> TASK REQUIREMENTS: The copy should hold exactly the lines below from the one that contains "В Волгоградской области" through the one that contains "New 2026 Jeep" and nothing else, so no pictures.

> INFORMATION:
================================
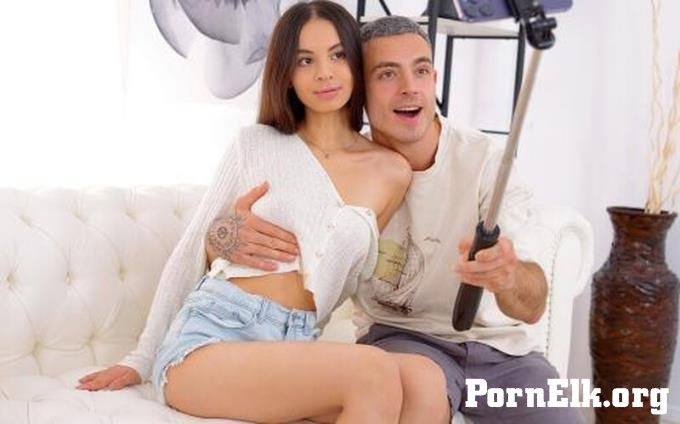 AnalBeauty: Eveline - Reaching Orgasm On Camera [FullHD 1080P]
================================
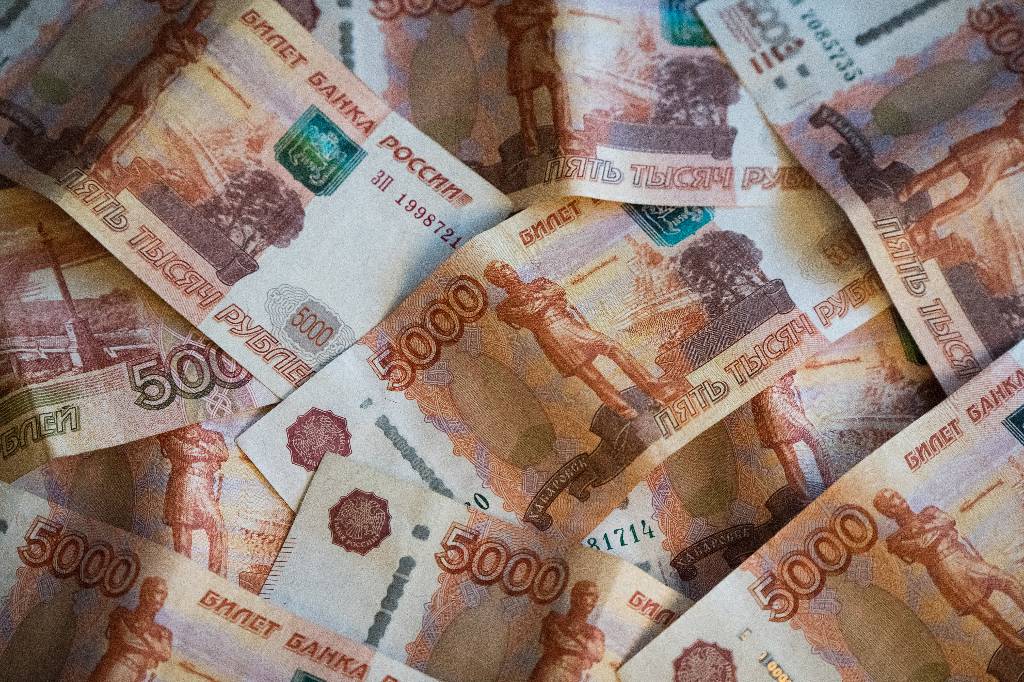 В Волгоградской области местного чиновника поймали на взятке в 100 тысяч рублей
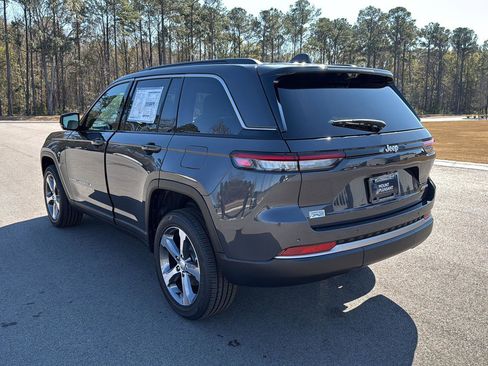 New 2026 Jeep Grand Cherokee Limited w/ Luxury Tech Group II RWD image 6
================================
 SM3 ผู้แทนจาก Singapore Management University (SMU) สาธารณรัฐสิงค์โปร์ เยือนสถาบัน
================================
> RESPONSE FOR THIS EXERCISE:
 В Волгоградской области местного чиновника поймали на взятке в 100 тысяч рублей
 New 2026 Jeep Grand Cherokee Limited w/ Luxury Tech Group II RWD image 6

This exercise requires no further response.